* _DATA PROVIDED_
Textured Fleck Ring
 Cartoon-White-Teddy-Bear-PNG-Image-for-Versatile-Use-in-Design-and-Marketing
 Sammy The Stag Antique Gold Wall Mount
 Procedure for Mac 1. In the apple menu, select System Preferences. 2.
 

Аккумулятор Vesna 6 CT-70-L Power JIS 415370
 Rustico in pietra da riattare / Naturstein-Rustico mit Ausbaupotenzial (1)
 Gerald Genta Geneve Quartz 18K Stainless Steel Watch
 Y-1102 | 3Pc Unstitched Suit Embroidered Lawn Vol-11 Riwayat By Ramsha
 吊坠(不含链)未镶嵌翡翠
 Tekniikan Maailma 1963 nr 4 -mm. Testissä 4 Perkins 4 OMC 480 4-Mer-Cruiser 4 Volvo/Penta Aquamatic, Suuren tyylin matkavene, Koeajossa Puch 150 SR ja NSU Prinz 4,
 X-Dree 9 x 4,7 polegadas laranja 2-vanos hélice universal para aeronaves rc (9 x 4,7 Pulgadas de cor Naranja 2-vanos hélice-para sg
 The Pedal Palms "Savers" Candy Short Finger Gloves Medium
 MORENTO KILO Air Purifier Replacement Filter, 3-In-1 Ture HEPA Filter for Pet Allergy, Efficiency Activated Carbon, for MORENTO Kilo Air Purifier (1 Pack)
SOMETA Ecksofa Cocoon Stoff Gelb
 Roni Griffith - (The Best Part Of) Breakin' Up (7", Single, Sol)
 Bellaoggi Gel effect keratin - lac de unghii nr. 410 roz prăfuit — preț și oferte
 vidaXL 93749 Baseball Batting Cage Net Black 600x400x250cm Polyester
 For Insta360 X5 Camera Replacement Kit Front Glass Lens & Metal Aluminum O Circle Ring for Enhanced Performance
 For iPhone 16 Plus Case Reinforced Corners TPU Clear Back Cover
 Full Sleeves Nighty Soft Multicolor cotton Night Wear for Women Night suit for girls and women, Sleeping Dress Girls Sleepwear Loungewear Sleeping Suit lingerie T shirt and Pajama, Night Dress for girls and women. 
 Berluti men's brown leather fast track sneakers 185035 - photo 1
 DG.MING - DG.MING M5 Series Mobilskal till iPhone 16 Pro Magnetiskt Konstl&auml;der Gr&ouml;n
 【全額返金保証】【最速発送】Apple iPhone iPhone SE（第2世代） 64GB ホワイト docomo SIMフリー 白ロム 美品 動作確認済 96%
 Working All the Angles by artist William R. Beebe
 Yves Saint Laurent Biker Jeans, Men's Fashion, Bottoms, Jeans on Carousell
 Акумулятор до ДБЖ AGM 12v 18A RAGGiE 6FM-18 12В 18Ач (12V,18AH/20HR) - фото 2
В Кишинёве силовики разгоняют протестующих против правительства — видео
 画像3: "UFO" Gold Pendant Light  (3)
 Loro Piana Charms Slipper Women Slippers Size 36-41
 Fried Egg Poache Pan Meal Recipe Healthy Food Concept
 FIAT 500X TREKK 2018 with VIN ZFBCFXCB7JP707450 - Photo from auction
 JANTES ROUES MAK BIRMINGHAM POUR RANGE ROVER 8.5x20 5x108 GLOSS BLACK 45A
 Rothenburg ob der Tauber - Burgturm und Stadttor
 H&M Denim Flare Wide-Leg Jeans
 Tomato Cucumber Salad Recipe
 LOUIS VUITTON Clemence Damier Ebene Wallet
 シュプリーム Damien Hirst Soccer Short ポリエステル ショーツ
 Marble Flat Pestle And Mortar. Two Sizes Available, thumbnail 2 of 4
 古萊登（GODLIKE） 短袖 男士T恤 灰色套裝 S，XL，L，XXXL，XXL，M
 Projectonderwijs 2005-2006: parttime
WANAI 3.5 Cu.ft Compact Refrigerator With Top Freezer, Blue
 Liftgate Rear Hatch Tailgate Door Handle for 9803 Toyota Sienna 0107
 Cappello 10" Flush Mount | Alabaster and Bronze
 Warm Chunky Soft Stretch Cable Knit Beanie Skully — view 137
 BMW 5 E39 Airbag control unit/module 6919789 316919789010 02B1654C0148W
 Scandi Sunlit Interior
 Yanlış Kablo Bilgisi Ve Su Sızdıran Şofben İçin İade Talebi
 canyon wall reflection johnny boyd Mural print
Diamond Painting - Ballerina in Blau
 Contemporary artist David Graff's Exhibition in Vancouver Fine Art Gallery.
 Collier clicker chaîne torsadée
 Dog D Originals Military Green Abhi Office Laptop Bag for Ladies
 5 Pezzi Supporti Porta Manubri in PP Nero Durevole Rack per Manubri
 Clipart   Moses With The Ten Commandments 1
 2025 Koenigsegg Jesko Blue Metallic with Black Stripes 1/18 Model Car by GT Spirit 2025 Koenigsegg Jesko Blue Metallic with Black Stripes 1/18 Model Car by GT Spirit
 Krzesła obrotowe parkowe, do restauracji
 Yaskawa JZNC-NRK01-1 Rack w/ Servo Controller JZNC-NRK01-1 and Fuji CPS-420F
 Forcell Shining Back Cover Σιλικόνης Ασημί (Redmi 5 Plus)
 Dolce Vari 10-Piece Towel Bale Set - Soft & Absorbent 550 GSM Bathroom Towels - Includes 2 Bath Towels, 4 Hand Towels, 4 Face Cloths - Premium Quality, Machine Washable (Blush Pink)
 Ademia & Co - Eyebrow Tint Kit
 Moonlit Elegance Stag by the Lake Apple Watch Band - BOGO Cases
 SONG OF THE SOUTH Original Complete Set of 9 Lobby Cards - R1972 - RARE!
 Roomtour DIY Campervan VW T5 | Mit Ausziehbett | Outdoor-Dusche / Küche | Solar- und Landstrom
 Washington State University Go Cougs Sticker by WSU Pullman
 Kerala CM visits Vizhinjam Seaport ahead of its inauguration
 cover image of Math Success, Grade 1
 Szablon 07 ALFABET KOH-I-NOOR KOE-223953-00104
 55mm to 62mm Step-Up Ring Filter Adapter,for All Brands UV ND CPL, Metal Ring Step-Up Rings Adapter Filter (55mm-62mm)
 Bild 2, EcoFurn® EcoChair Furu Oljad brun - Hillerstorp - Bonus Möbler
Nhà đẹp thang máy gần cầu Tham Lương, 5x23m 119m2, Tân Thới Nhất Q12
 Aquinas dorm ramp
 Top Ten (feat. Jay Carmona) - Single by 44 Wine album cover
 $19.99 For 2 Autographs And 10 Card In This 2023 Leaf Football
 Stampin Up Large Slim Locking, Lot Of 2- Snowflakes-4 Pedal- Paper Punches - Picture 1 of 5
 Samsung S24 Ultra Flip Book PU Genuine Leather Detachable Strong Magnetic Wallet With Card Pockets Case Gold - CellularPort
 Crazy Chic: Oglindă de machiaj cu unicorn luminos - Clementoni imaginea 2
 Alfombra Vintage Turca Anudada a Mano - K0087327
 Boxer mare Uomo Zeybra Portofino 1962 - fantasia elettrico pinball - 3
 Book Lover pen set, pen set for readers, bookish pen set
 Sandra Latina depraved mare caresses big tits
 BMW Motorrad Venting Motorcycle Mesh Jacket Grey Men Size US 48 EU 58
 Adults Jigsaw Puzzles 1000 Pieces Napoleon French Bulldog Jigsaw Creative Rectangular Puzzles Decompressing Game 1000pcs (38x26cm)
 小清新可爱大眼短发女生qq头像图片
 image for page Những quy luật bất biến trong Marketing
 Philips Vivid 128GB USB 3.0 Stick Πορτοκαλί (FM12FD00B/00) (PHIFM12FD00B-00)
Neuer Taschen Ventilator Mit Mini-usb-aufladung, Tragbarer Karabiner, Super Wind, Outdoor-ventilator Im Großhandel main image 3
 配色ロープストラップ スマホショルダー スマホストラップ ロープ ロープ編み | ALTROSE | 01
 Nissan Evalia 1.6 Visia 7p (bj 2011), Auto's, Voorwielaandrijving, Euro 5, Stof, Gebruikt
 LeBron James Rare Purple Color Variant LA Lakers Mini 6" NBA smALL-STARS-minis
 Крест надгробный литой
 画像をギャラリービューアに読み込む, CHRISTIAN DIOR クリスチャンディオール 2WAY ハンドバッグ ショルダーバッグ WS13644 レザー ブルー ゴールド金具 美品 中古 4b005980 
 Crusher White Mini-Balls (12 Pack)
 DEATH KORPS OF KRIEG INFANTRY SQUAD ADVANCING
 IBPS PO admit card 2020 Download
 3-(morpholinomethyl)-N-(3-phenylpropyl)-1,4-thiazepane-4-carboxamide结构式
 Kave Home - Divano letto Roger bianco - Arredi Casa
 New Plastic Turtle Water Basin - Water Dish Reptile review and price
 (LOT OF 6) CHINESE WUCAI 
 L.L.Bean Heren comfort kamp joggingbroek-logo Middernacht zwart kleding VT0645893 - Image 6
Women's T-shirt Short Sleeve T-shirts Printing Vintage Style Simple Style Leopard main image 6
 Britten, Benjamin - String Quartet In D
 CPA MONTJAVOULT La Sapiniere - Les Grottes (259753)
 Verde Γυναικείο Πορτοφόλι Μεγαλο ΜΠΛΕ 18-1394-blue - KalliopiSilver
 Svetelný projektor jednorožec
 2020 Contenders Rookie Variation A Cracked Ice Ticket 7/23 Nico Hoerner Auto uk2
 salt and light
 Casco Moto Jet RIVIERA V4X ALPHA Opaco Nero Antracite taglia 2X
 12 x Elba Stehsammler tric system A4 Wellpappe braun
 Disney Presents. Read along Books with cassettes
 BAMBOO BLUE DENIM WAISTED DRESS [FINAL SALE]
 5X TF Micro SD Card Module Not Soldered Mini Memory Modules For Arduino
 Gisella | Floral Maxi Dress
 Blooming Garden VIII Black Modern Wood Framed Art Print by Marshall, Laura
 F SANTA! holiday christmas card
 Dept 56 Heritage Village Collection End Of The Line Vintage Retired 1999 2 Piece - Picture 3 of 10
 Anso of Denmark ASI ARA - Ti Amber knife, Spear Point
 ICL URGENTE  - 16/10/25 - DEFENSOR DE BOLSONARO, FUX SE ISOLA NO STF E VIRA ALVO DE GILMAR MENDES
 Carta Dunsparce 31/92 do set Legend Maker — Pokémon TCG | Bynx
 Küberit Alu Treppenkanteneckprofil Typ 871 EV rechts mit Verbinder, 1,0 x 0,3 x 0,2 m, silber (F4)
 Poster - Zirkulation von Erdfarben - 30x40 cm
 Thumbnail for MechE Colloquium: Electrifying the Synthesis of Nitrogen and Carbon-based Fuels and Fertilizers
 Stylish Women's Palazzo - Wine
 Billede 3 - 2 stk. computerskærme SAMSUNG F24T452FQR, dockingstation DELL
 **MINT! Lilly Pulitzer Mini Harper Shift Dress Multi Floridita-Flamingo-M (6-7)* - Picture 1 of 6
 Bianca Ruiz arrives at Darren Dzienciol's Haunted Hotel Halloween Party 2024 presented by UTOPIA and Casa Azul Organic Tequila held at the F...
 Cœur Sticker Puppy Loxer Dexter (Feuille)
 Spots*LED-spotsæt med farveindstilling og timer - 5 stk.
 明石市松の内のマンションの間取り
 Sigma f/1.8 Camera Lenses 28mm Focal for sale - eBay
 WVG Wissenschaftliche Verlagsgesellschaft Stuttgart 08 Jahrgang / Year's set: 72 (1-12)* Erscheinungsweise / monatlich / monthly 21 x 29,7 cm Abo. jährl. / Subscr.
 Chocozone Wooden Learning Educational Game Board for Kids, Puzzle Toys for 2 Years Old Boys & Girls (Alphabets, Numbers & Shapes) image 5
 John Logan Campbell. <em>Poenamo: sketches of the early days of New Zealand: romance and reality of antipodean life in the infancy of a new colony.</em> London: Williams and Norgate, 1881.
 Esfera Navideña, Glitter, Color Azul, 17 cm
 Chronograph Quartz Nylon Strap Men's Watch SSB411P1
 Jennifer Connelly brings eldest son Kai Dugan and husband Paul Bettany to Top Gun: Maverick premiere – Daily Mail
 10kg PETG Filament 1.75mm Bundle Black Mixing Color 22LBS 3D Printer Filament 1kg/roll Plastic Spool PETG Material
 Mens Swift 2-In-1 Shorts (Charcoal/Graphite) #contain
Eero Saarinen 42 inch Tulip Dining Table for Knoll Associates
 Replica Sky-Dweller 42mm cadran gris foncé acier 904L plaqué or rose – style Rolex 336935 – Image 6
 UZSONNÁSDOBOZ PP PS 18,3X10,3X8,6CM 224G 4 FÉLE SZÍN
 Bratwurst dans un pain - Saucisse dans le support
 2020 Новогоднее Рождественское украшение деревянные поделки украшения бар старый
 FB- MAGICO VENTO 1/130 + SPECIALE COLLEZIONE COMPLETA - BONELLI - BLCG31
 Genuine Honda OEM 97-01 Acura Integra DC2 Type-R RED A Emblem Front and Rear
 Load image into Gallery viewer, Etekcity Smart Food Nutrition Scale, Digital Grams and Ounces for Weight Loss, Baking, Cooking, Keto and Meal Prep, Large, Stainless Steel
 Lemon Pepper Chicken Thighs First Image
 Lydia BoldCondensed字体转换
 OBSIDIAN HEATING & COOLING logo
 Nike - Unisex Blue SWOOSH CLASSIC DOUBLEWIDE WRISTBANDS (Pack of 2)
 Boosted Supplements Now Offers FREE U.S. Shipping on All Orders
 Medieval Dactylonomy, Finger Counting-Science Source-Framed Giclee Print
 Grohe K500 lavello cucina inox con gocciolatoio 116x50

* _EXERCISE AIM_
Report every line containing the word "Carbon" from the listing above.

* _ANSWER TO THIS TASK_
 MORENTO KILO Air Purifier Replacement Filter, 3-In-1 Ture HEPA Filter for Pet Allergy, Efficiency Activated Carbon, for MORENTO Kilo Air Purifier (1 Pack)
 Thumbnail for MechE Colloquium: Electrifying the Synthesis of Nitrogen and Carbon-based Fuels and Fertilizers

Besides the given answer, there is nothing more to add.